» PROBLEM DESCRIPTION:
Would you copy the lines below exactly and omit the images?

» EXERCISE MATERIAL:

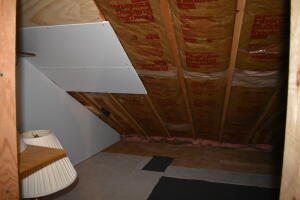 4112 BLUFF CONDO Dr, Sun Valley, Idaho, 83353, United States, 1 Bedroom Bedrooms, ,1 BathroomBathrooms,Residential,For Sale,4112 BLUFF CONDO Dr,1665055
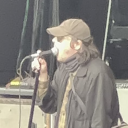 discount-oranges avatar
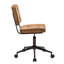 Almute Office Chair-1117556462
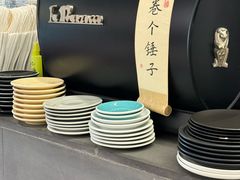 -NokNok Coffee(宽窄巷子店)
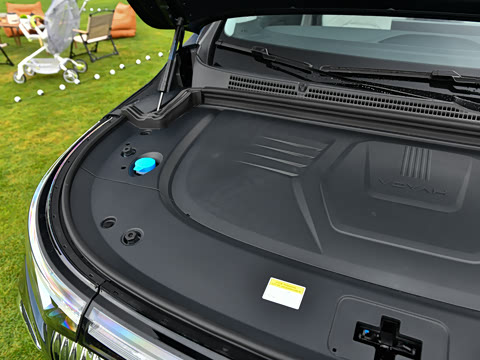 2026�� PHEV Ǭ��Ultra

» RESPONSE BOX:
 4112 BLUFF CONDO Dr, Sun Valley, Idaho, 83353, United States, 1 Bedroom Bedrooms, ,1 BathroomBathrooms,Residential,For Sale,4112 BLUFF CONDO Dr,1665055
 discount-oranges avatar
 Almute Office Chair-1117556462
 -NokNok Coffee(宽窄巷子店)
 2026�� PHEV Ǭ��Ultra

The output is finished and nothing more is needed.